Densidad y aglomeraciones

  «Analicemos primero algunos interesantes ejemplos de comportamiento animal en condiciones de gran densidad o superpoblación. Durante años, los científicos se sintieron intrigados por la elevada tasa de suicidios de conejillos árticos, conejos y ratas. El interés de estos científicos aumentó debido a que en el momento del suicidio los animales parecían disponer de toda la comida necesaria, no había depredadores a la vista ni contaminación alguna. Un etnólogo con experiencia en patología médica formuló la hipótesis de que los suicidios eran provocados por una reacción endocrina en los animales, resultado de un estado de tensión que en ellos se había producido durante el crecimiento de la población. Esta hipótesis se vio confirmada en un estudio realizado con la población de ciervos de James Island, isla a una milla de a costa de Maryland en la bahía de Chesapeake. Cuidadosos estudios históricos que se prolongaron durante años mostraron que los ciervos de James Island morían por sobreproducción de las glándulas suprarrenales como consecuencia de stress. Las glándulas suprarrenales desempeñan una función importante en la regulación del crecimiento, la reproducción y el nivel de defensas del organismo. Así pues, la superpoblación causaba la muerte no por hambre, infección o agresión de otros animales sino por una reacción fisiológica al stress creado.

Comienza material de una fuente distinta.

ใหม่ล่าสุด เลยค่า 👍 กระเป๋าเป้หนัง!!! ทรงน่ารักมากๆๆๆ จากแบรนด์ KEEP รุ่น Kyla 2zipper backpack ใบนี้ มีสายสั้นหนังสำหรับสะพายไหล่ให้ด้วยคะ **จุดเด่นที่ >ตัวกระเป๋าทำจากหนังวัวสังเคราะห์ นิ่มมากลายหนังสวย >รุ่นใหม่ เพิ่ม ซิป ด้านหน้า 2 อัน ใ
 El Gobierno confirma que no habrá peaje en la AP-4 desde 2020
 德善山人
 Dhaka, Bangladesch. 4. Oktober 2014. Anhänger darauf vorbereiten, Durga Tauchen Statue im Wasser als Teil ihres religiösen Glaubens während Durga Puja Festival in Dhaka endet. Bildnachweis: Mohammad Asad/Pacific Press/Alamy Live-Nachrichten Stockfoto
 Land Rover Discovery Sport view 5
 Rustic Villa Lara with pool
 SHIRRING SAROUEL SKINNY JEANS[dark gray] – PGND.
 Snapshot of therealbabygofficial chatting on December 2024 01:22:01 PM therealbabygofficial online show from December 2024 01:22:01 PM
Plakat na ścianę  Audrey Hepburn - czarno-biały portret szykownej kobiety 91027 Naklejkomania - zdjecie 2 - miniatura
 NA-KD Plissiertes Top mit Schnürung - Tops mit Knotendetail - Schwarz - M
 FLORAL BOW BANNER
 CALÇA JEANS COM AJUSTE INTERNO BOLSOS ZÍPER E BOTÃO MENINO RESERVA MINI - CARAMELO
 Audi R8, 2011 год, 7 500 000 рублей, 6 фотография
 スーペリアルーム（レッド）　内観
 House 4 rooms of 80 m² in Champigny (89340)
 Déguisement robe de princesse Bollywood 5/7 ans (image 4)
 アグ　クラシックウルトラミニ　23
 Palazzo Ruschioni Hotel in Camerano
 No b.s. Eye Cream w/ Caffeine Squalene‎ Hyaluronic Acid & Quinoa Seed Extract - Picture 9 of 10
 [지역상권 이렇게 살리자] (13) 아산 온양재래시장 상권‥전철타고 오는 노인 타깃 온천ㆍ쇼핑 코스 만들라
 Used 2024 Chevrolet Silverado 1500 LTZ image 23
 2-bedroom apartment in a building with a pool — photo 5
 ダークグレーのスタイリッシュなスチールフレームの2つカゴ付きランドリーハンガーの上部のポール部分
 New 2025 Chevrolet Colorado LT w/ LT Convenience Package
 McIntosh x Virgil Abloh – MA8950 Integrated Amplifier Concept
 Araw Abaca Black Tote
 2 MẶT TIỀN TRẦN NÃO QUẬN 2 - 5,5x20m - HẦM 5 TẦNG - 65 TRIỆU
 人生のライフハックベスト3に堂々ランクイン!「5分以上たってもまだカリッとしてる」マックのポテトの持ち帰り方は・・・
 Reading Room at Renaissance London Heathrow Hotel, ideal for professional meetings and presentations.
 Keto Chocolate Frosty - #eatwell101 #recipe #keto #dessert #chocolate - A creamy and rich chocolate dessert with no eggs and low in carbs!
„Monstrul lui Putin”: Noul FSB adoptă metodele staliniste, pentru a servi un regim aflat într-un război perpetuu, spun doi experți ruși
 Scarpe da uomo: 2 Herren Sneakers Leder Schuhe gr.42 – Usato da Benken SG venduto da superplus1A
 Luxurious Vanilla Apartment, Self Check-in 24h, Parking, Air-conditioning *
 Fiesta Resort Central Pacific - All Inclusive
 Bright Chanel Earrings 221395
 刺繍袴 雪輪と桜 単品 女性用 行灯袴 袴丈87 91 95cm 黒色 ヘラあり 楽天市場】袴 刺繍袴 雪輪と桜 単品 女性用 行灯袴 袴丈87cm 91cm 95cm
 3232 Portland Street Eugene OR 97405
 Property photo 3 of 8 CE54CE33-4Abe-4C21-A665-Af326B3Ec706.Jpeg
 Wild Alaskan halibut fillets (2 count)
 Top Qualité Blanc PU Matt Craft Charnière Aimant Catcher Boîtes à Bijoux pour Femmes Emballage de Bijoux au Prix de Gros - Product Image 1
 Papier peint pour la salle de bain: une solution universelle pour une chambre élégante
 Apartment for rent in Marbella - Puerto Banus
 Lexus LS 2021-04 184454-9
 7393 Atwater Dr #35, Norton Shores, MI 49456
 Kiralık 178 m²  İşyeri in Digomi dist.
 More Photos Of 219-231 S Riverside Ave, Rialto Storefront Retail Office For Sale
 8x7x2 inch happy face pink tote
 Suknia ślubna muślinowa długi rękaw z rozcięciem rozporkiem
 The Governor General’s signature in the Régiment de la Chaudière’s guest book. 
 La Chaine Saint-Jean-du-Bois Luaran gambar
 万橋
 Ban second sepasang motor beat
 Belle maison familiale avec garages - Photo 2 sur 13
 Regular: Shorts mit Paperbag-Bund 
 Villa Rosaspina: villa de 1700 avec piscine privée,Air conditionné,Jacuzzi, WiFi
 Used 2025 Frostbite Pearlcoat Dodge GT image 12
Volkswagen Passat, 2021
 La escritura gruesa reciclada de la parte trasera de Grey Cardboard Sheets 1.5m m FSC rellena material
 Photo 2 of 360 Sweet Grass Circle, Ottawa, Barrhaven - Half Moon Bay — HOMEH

 Los experimentos de Calhoun fueron más allá aún y sugirieron modalidades peculiares de comportamiento en condiciones de superpoblación. Calhoun observó que, con abundancia de comida y sin peligro de depredadores, las ratas de Noruega, en un recinto al aire libre de un metro cuadrado, estabilizaban su población en alrededor de 150 individuos. Estas observaciones, realizadas durante un período de veintiocho meses, indicaron que las relaciones espaciales eran extremadamente importantes. Luego Calhoun diseñó un experimento en que pudo mantener una situación de stress en una superpoblación mientras se criaban tres generaciones de ratas. Denominó a este experimento “antro del comportamiento”, es decir, un área en que la mayoría de las ratas exhibieron grandes distorsiones del comportamiento. Algunas de las observaciones de Calhoun son dignas de mención: 1) Algunas ratas se retiraron por completo del intercambio social y sexual mientras que otras comenzaron a “montar” todo lo que se hallara a la vista; las pautas de cortejo se interrumpieron totalmente y a menudo las hembras eran perseguidas por varios machos. 2) Las pautas de nidificación –de ordinario nítidas- se volvieron muy desaliñadas o directamente desaparecieron. 3) Los camastros de las ratas jóvenes se hicieron mixtos; las ratas recién nacidas o jóvenes eran pisadas o comidas por machos invasores hiperactivos. 4) Los machos dominantes, incapaces de establecer territorios espaciales, peleaban por posiciones próximas a los comederos; los territorios eran compartidos por “clases” de ratas, que exhibían conductas similares; los machos hiperactivos violaban todos los derechos territoriales corriendo por doquier en bandas, con total falta de respeto por todos los límites salvo los que eran defendidos por la fuerza. 5) Las ratas preñadas a menudo abortaban; eran numerosos los desórdenes en los órganos sexuales y sólo la cuarta parte de los 558 recién nacidos en el antro lograron sobrevivir en el destete. 6) La conducta agresiva creció significativamente.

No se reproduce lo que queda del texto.